Les médias économiques évoquent volontiers la «taxe Zucman», cette idée d’un impôt mondial sur les grandes fortunes ou sur les multinationales. En revanche, la «taxe Tobin», pourtant plus ancienne et tout aussi ambitieuse, a disparu du vocabulaire public. Est-ce une simple évolution du débat, ou une manière plus subtile d’embrouiller les citoyens sur les vrais enjeux de la finance mondiale?

1. Deux taxes sœurs aux ambitions très différentes

À première vue, la taxe Tobin et la taxe Zucman visent un même adversaire: la finance internationale. Pourtant, leurs cibles diffèrent profondément. La première, conçue dans les années 1970 par l’économiste James Tobin, voulait ralentir la spéculation sur les marchés des changes, en taxant faiblement chaque transaction de devises. Elle cherchait à «mettre un peu de sable dans les rouages» de la machine spéculative.

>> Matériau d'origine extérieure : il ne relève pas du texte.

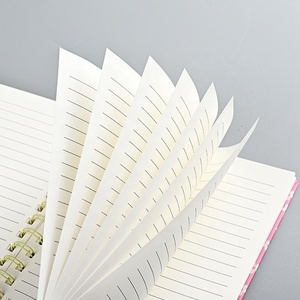 Cuaderno Espiral A4 con Diseño Floral de Corazones, Encuadernación de Doble Espiral, Rayado, Tapa Dura, para Universidad, Diario, Planificador - Product Image 4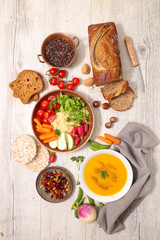 selection of vegan food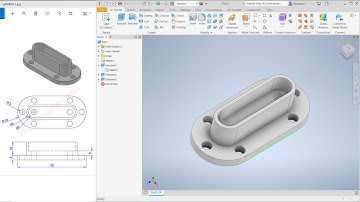 Exercise 3 Inventor 3D Modeling Tutorial For Beginner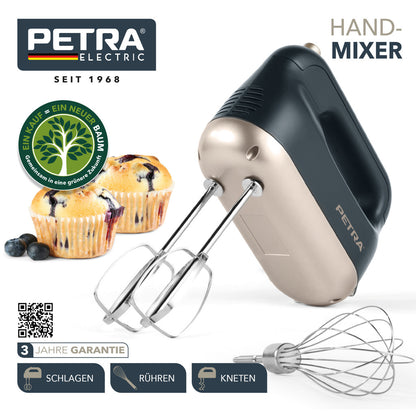 Ручной миксер Petra PT5512BGRYVDE сине-серый/золотой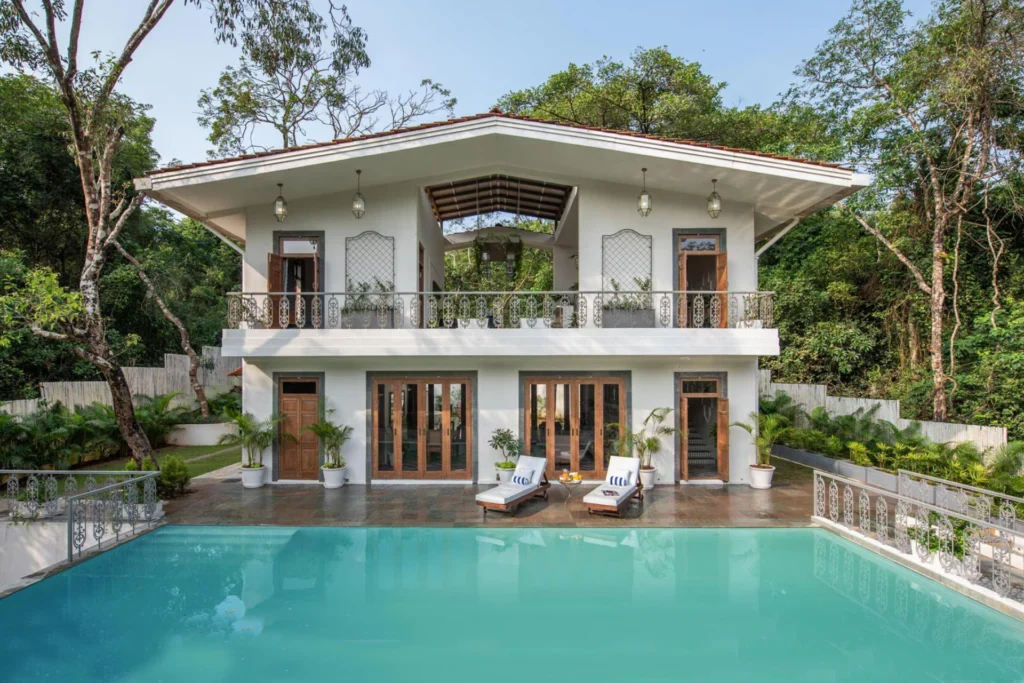 VODGA148 – 5 BHK Villa With Outdoor Pool In North Goa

La taxe Zucman, imaginée cinquante ans plus tard, cible au contraire la concentration de richesse et l’évasion fiscale. Il s’agit d’imposer les profits mondiaux des multinationales ou les patrimoines supérieurs à cent millions d’euros, au nom de la justice sociale. Deux logiques distinctes: l’une veut ralentir le flux, l’autre corriger le stock.

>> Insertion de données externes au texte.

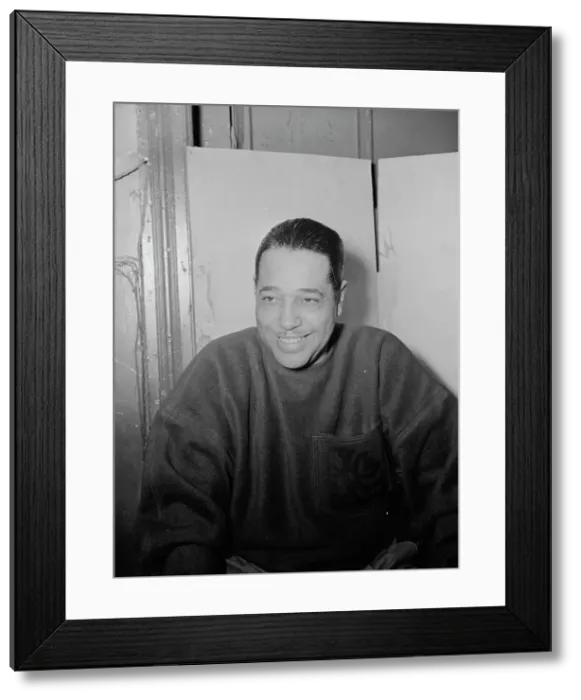 Framed Print : Portrait of Duke Ellington, Zanzibar, New York, N.Y. ca. July 1946. Creator: William Paul Gottlieb
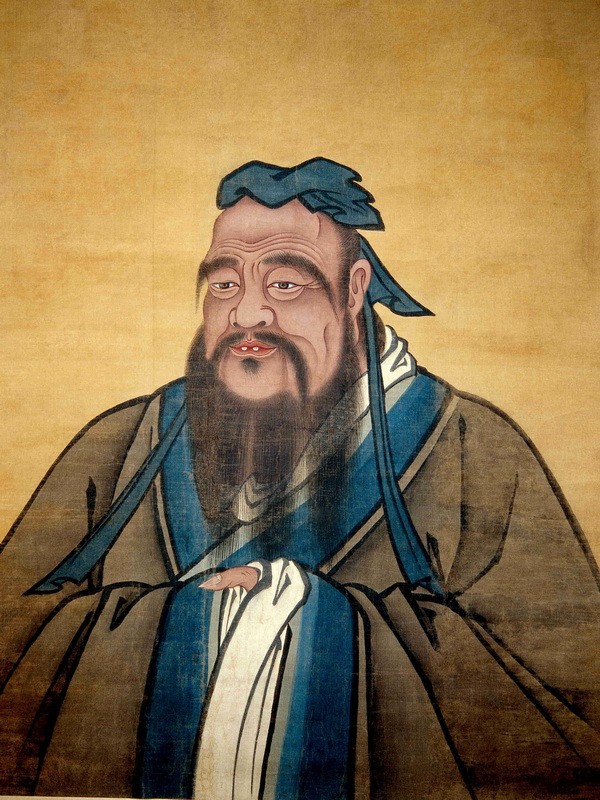 Create meme: Confucius portrait, The Chinese sage Confucius, Confucius the ancient Chinese philosopher
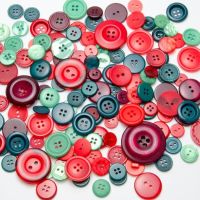 50g Christmas Buttons
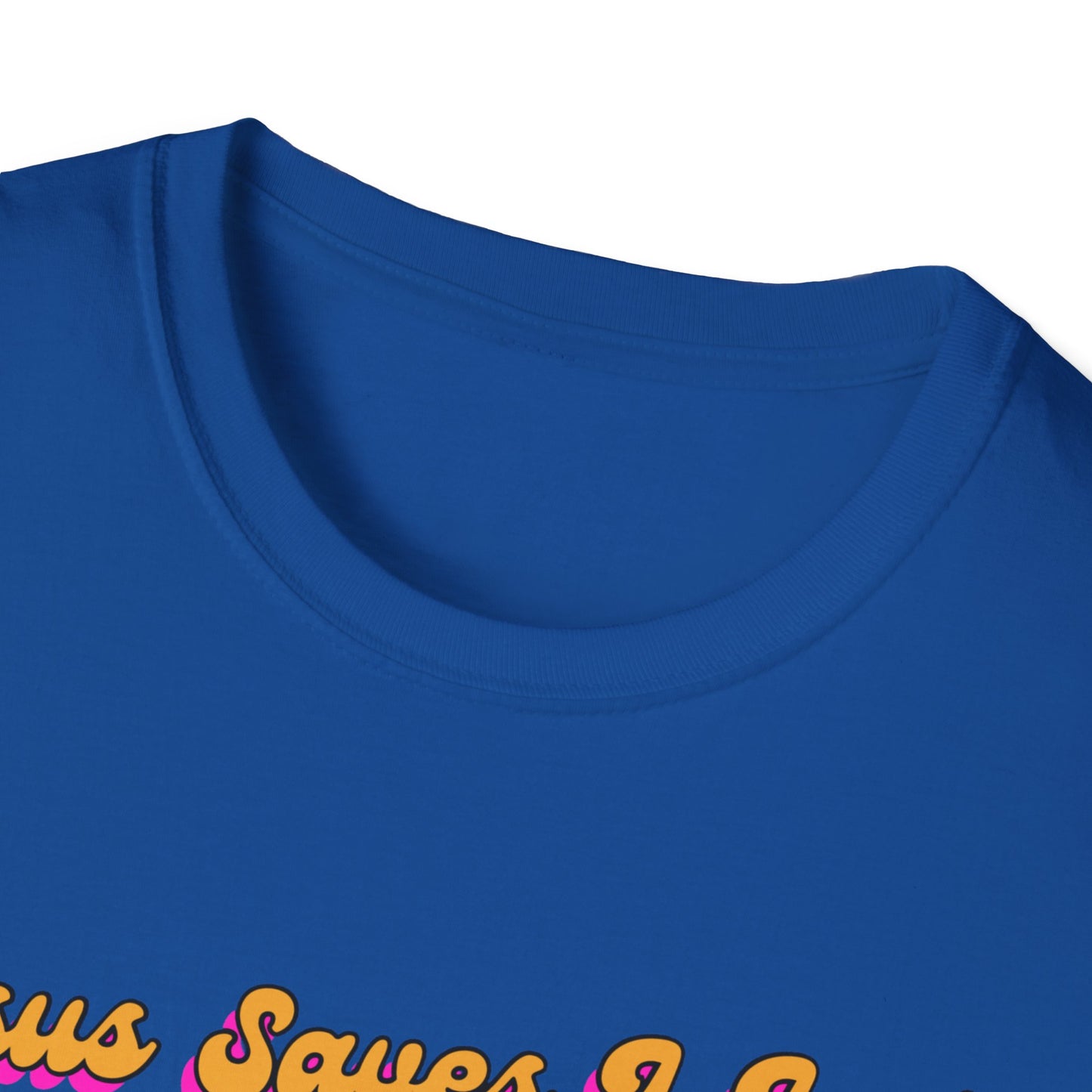 "Jesus Saves, I just Wear the Shirt" Unisex Cotton Softstyle T-Shirt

2. L’air du temps: de la régulation à la morale fiscale

Après la crise de 2008, la critique des marchés financiers dominait encore. Aujourd’hui, l’opinion publique s’émeut davantage des inégalités que de la spéculation. Ce glissement explique pourquoi les médias privilégient Zucman à Tobin. Le premier incarne la lutte contre les riches qui échappent à l’impôt ; le second, la régulation d’un système devenu incontrôlable.

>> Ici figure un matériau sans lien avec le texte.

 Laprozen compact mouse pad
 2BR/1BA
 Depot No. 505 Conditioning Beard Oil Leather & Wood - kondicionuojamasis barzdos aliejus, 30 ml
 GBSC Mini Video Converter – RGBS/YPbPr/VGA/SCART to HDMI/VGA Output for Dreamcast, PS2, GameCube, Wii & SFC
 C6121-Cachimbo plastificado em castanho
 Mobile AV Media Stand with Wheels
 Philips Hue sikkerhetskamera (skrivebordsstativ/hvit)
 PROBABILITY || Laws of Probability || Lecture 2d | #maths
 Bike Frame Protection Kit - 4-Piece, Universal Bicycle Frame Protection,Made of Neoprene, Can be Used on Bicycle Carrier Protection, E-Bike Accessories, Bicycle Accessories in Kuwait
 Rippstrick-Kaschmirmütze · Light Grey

Les journalistes généralistes, souvent peu familiers des subtilités de la finance, résument tout cela à «une taxe sur la finance». Mais dans cette simplification, le sens politique change: on ne remet plus en cause la mécanique des marchés, on demande simplement qu’elle redistribue un peu mieux ses fruits.

3. Une confusion parfois entretenue

Pour les gouvernements, cette confusion n’est pas désagréable. Parler d’une «taxe mondiale sur les riches» flatte l’opinion sans inquiéter les marchés. Une véritable taxe Tobin, appliquée unilatéralement, ferait fuir les capitaux et inquiéterait les places financières. En revanche, la taxe Zucman, même symbolique, ne remet pas en cause la liberté de circulation des flux financiers.

Ainsi, la référence à Zucman devient un paravent commode: on dénonce la fortune sans toucher à la spéculation. Le discours paraît social, mais demeure compatible avec le modèle financier dominant.

4. La bataille des mots

Enfin, il y a la question du vocabulaire. «Taxe Tobin» appartient à l’ère des forums sociaux et de l’altermondialisme. «Taxe Zucman» évoque les think tanks, l’OCDE et les sommets du G20: une modernité technocratique. Les médias reprennent naturellement les mots du temps présent et contribuent ainsi à effacer l’héritage de Tobin.

En conclusion: la finance au service du bien commun. La disparition du mot «Tobin» n’est pas un hasard, mais le symptôme d’un changement d’époque: l’Occident préfère parler de morale fiscale plutôt que de régulation financière. Ce n’est pas forcément une manipulation, mais une inversion du sens du combat: on s’indigne des inégalités visibles, tout en laissant prospérer la logique spéculative qui les engendre.

Pourtant, d’autres modèles montrent qu’une finance encadrée peut servir directement le bien public. La Constitution fédérale suisse, en son article 99, alinéa 4, stipule que la Banque nationale suisse verse au moins deux tiers de son bénéfice net aux cantons. Autrement dit, la redistribution d’une partie des profits bancaires à la collectivité n’est pas considérée comme une exception, mais comme une normalité constitutionnelle.

Cette disposition illustre une philosophie politique simple: la création monétaire et les bénéfices financiers issus de la stabilité économique appartiennent en partie à la communauté nationale. En France, un tel principe pourrait inspirer une réforme fiscale durable, où la taxation des transactions (Tobin) et la redistribution des profits (Zucman ou banques centrales) ne s’opposeraient pas, mais se compléteraient.

Ce serait alors une économie du juste retour, où la finance, loin d’être un prédateur abstrait, redeviendrait un instrument de prospérité collective — à l’image de ce que la Confédération helvétique considère depuis longtemps comme un devoir d’équité républicaine.